§ **Exercise**
Nothing but the lines below from the one containing "Westinghouse 61251 - Lampadario" through the one containing "Rossignol Diva Snowboard" should appear in the answer, exact and without pictures.

§ **Input records**
──────
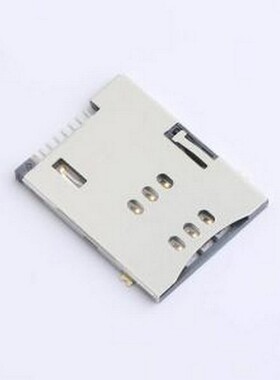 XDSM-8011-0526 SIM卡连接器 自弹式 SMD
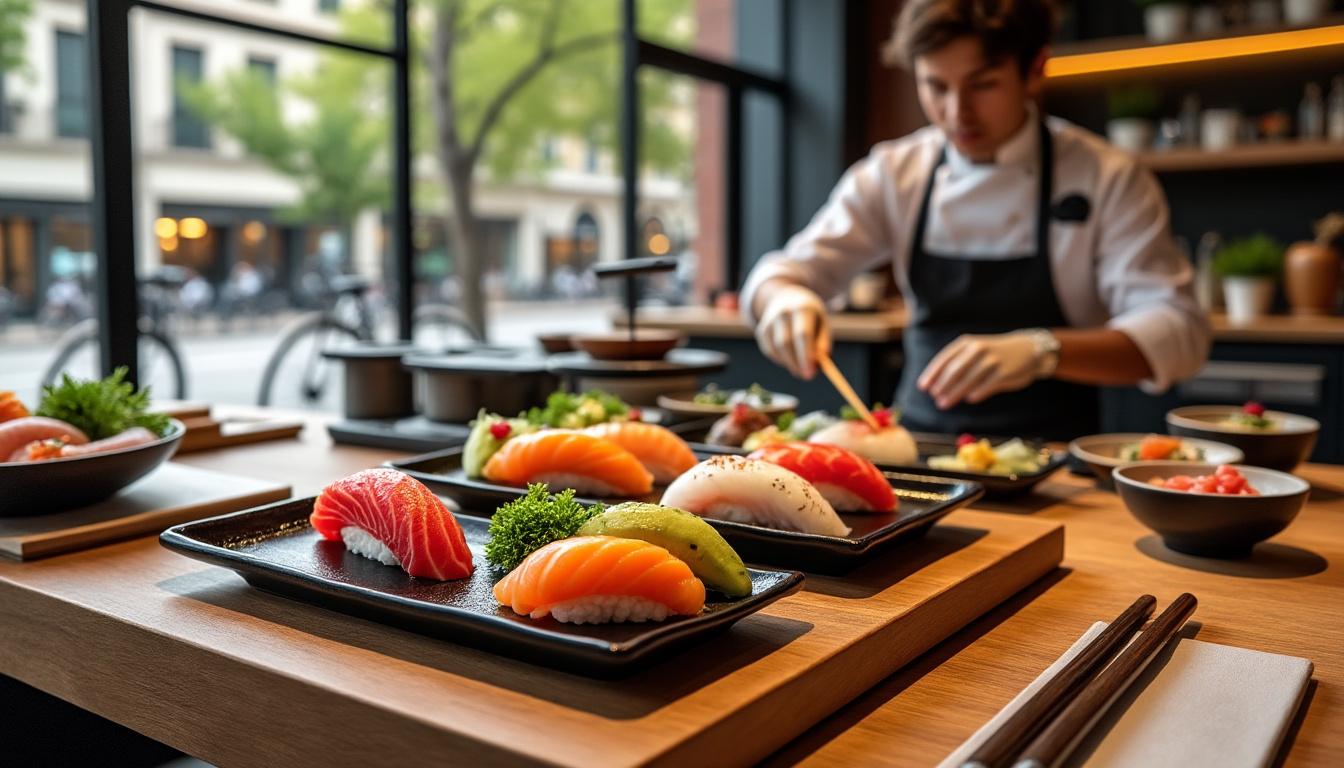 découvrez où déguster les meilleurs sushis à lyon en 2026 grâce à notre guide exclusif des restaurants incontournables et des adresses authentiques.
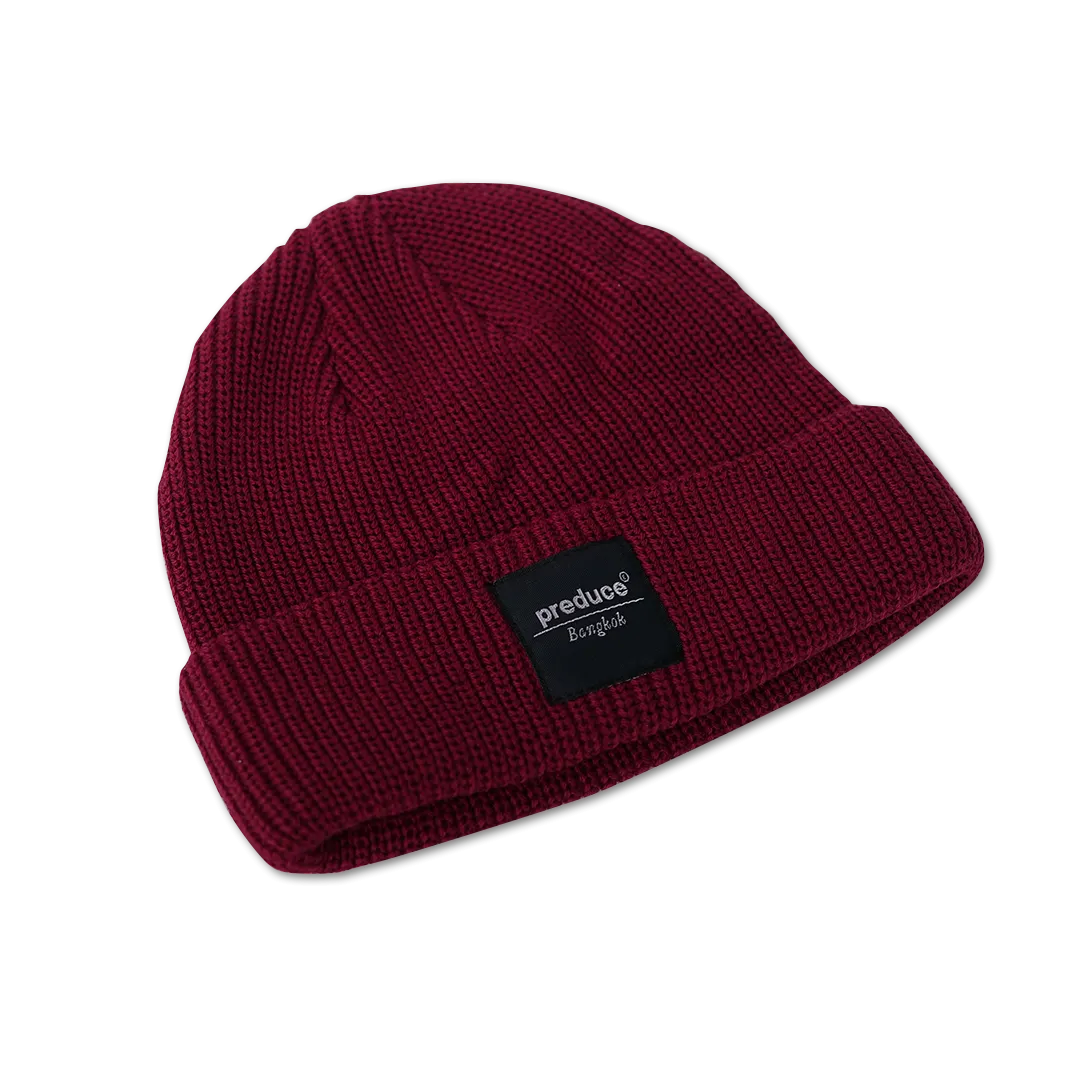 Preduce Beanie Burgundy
──────
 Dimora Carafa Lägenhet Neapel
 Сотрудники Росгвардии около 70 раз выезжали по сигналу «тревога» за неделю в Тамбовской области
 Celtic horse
──────
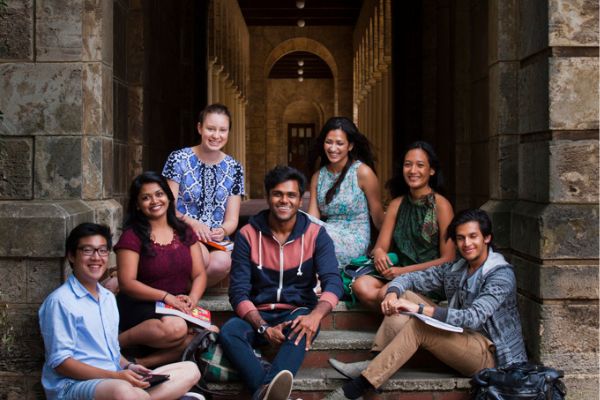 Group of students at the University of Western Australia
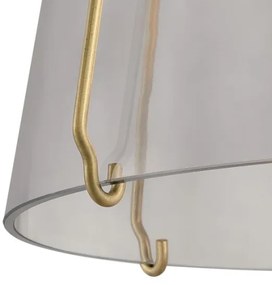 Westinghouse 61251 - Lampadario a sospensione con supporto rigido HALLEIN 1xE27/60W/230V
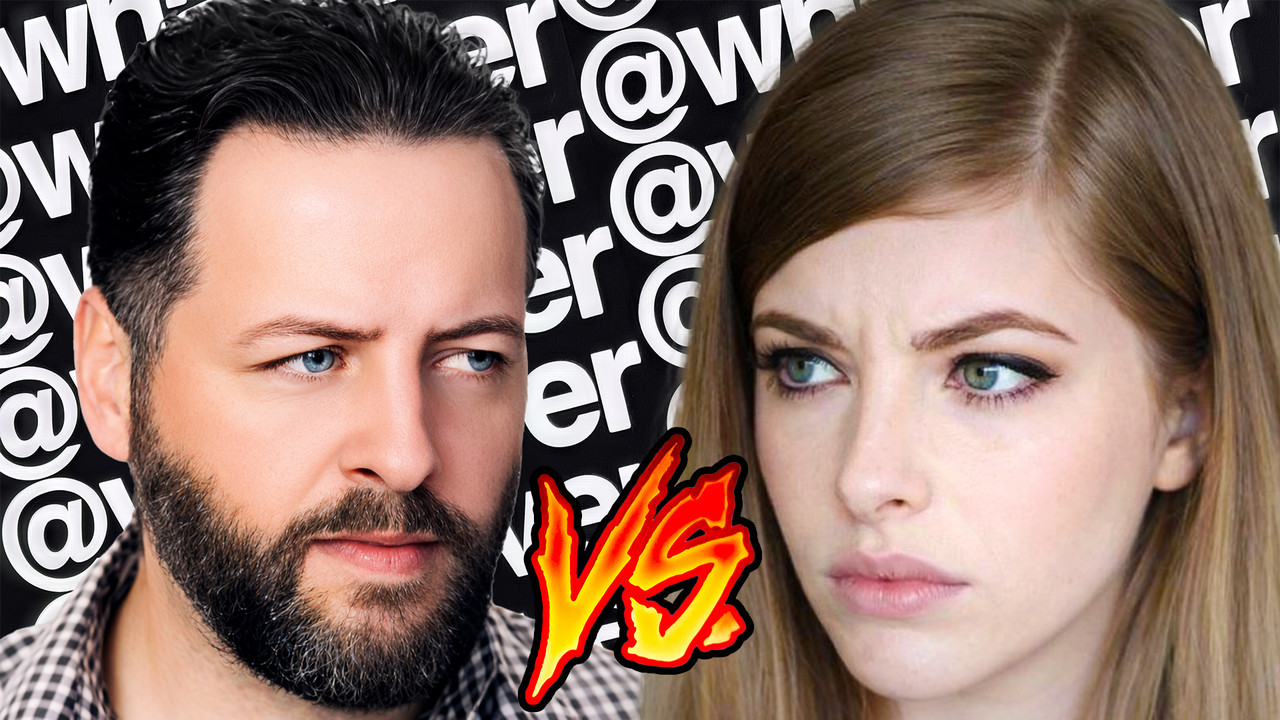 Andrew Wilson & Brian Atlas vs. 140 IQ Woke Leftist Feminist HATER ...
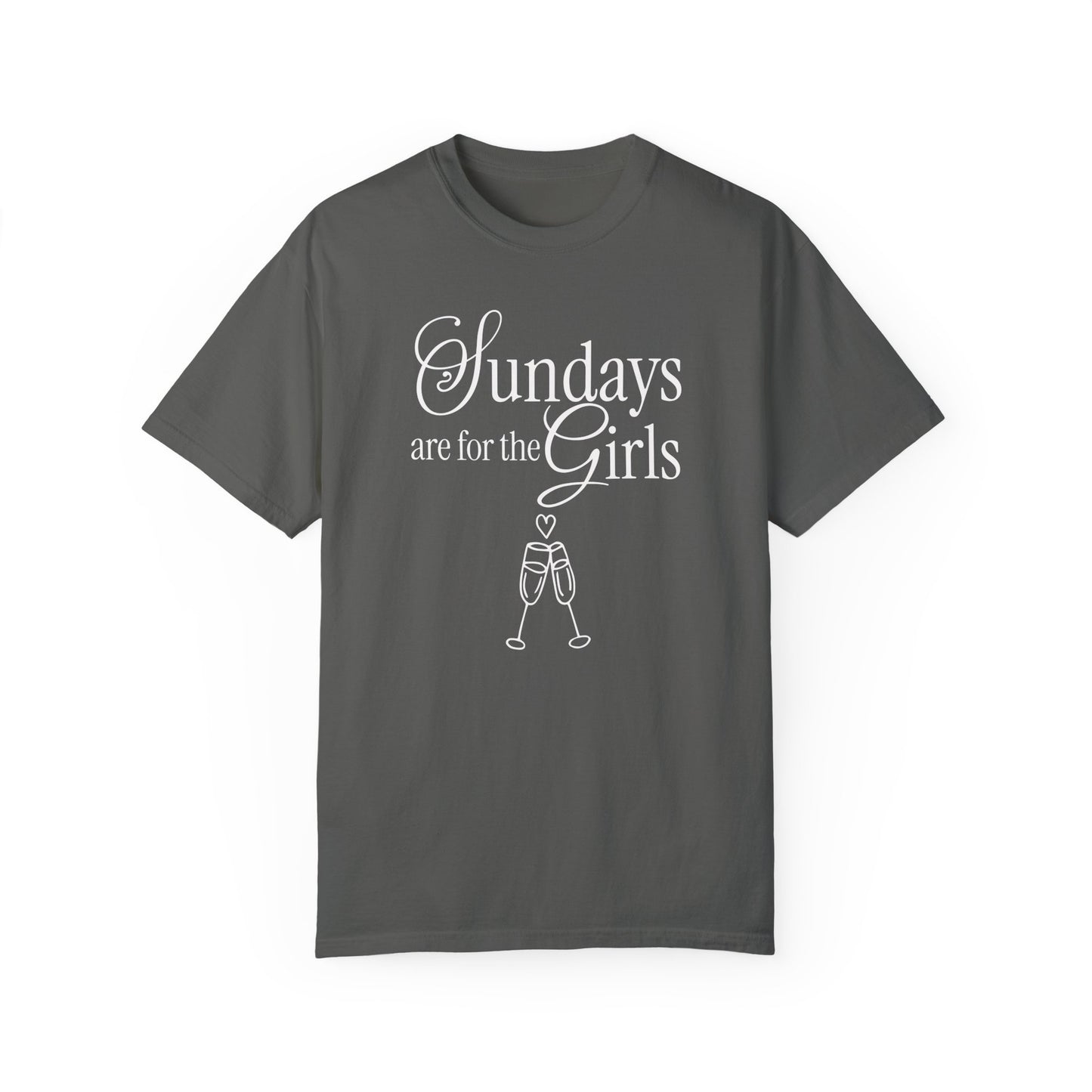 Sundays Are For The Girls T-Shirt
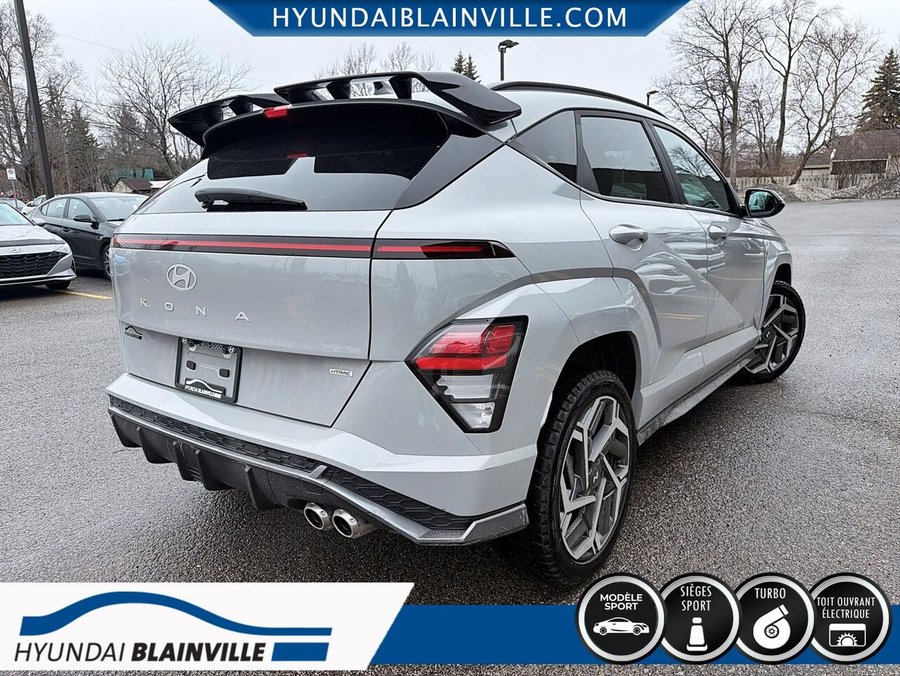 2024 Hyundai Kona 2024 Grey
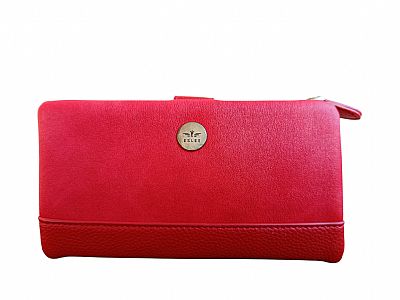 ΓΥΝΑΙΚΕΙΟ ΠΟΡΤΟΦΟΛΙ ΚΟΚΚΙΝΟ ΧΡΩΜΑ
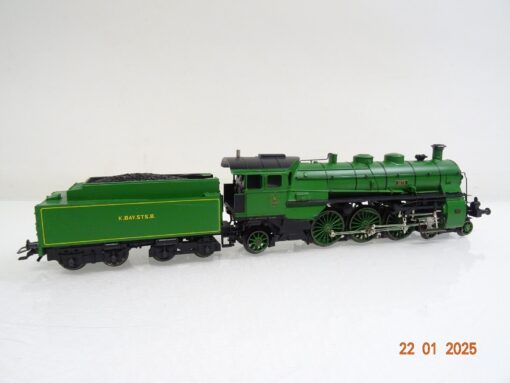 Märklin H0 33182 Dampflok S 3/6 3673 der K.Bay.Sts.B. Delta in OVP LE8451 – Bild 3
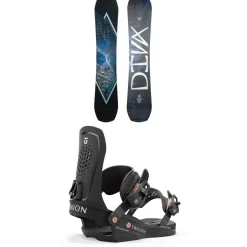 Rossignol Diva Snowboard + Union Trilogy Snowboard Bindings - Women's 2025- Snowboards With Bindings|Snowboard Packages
──────
§ **Task answer**
 Westinghouse 61251 - Lampadario a sospensione con supporto rigido HALLEIN 1xE27/60W/230V
 Andrew Wilson & Brian Atlas vs. 140 IQ Woke Leftist Feminist HATER ...
 Sundays Are For The Girls T-Shirt
 2024 Hyundai Kona 2024 Grey
 ΓΥΝΑΙΚΕΙΟ ΠΟΡΤΟΦΟΛΙ ΚΟΚΚΙΝΟ ΧΡΩΜΑ
 Märklin H0 33182 Dampflok S 3/6 3673 der K.Bay.Sts.B. Delta in OVP LE8451 – Bild 3
 Rossignol Diva Snowboard + Union Trilogy Snowboard Bindings - Women's 2025- Snowboards With Bindings|Snowboard Packages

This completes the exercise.